ALBANY, N.Y. — State GOP Chair Nick Langworthy declared victory Tuesday over controversial Buffalo developer Carl Paladino in a battle for an open congressional seat in New York’s southwestern corner.
While the Associated Press had not called the race as of midnight, Langworthy had a 4.2 percentage-point lead with over 95 percent of the votes counted, up 52.1 percent to 47.9 percent.
Langworthy has spent most of the campaign widely characterized as the underdog. Even the internal polls that he released showed him with “momentum” rather than a lead.
But he eked out a win thanks to a strong showing in the rural corners of a district that stretched from Erie County and through parts of the Southern Tier.
“Tonight the Southern Tier made me the comeback kid!” Langworthy said at a victory party.
Paladino convincingly won Buffalo’s suburbs, where he’s universally known.

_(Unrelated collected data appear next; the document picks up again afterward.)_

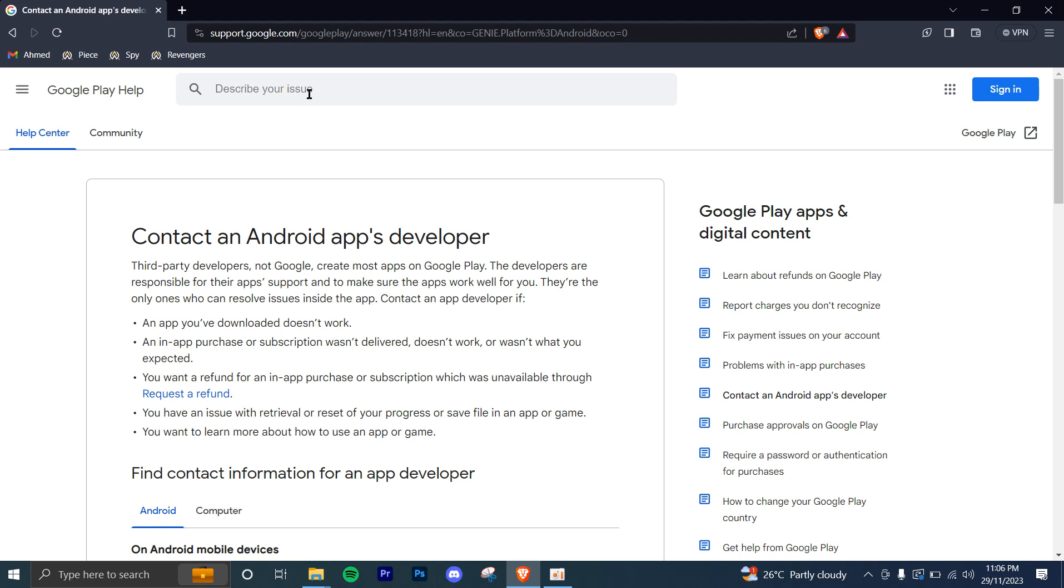In this tutorial, I'll be guiding you guys on how to contact a developer in Play Store. So let's get started.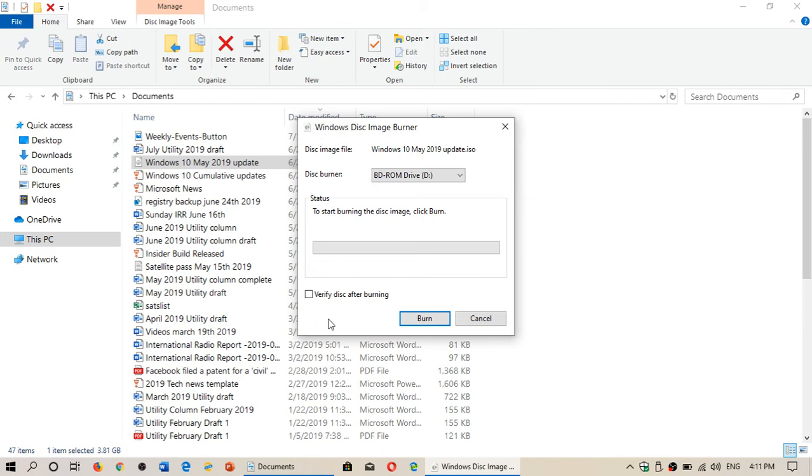You can of course remove or make sure you don't verify the disk. What does it change? Well, it just means that it's a lot faster because that verification of your burned image takes more time. So if you need to have it as soon as possible, don't put a little check mark here.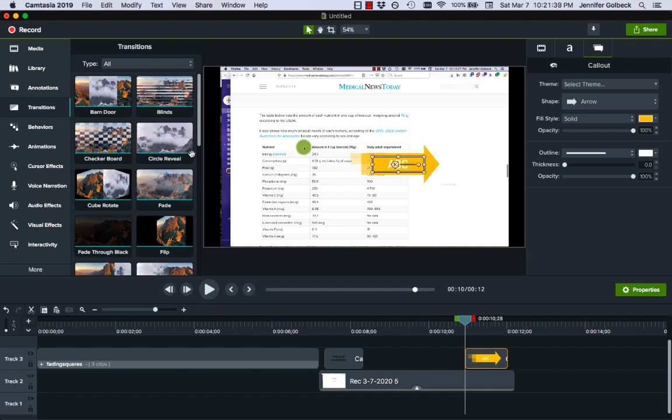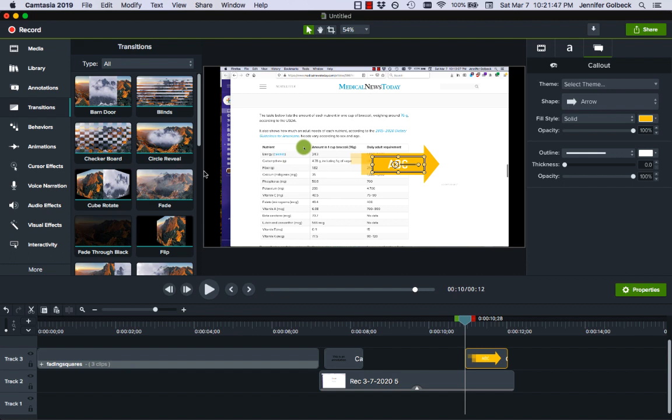I find them a little bit distracting but it depends on the kind of video that you're creating. I do a lot of programming videos and so the last thing anybody needs with that is a checkerboard transition.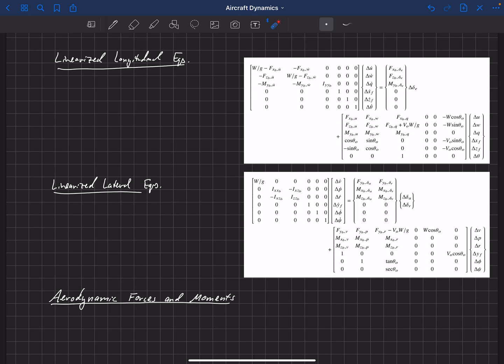We also have derivatives with respect to control deflections: delta-a for aileron, delta-e for elevator, and delta-r for rudder. We could put this aircraft in a wind tunnel or use CFD solutions to get each of these derivatives directly at this equilibrium flight condition. However, that takes quite a bit of work and is not often done with aircraft.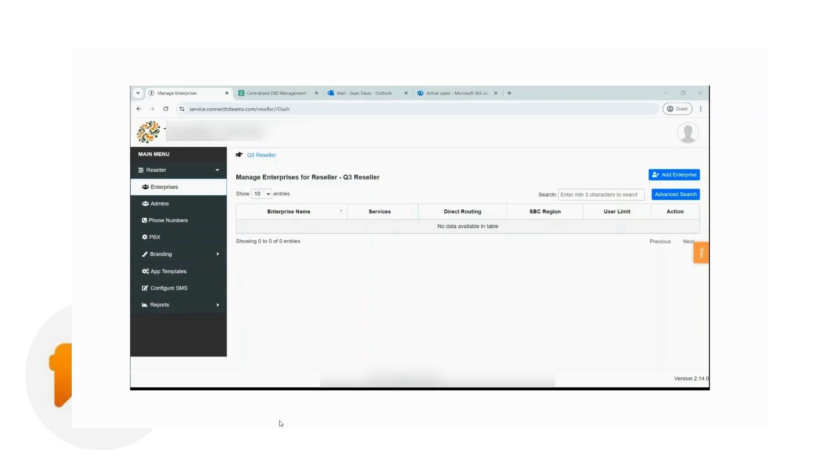This video will guide you through the enterprise provisioning process step-by-step from start to finish.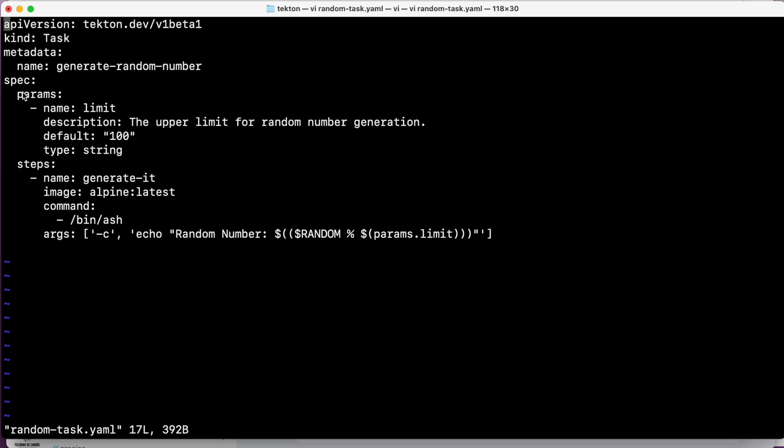This task is called generate-random-number. And now we have a step, but before the step, we have something that are called params, the parameters that we want to use. As you can see, there is a parameter called limit with a description that is the upper limit for the random number generation. And the default is 100 and it's a type string. So as you can imagine, we are going to generate a random number.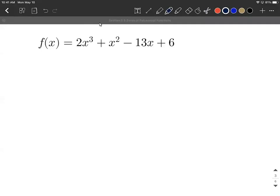Let's find all the zeros of this polynomial function and then factor it completely. So jumping into this, I notice we have a nice polynomial function. Let's first test some possible rational zeros. But before we can test them, let's list out what all the possibilities are.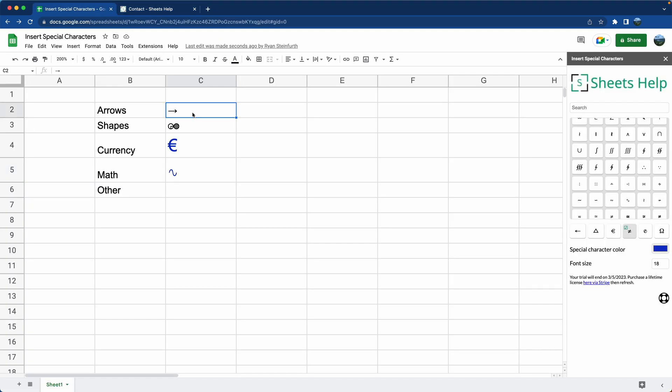Now that you have these symbols in your spreadsheet, this next video is going to show you how you can actually integrate them into your data to really bring your spreadsheet to life.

But the six rural counties in the district that include Jamestown and Elmira, they all went overwhelmingly for Langworthy, letting him eke out a win.
Paladino refused to concede.
“We are seeing a number of statistical irregularities in a number of counties that we will be looking in the coming days. We want every single legal vote to count," Paladino spokesperson Vish Burra said in a statement.
Langworthy has been the New York Republican chair since 2019. He has spent his tenure prioritizing a GOP win in this year’s gubernatorial election and has spent over a year working to get his party’s nod for Rep. Lee Zeldin, who won the primary in June.
While Zeldin remains the underdog to Gov. Kathy Hochul, Langworthy’s victory removes a headache from his efforts. Democrats had made clear they’d tie him to the candidacy of Paladino, who has regularly made incendiary and overtly racist comments throughout his public life.
“When you confront a bully you punch him in the face and you take him down a peg,” Langworthy said. “And we did that here in this district tonight and we sent a loud and clear message that people want decent, stable, honest, conservative Republican leadership.”
The seat opened up after former Rep. Tom Reed announced his retirement and two other incumbents declined to run in the new district following a messy redistricting process.
Langworthy will face Democrat Max Della Pia in November in a district where Donald Trump received 59 percent of the vote in the new district’s borders in 2020. Trump did not endorse in the race.
Della Pia also ran in a special election to finish off Reed’s term on Tuesday night, but he lost to Steuben County GOP chair Joe Sempolinski.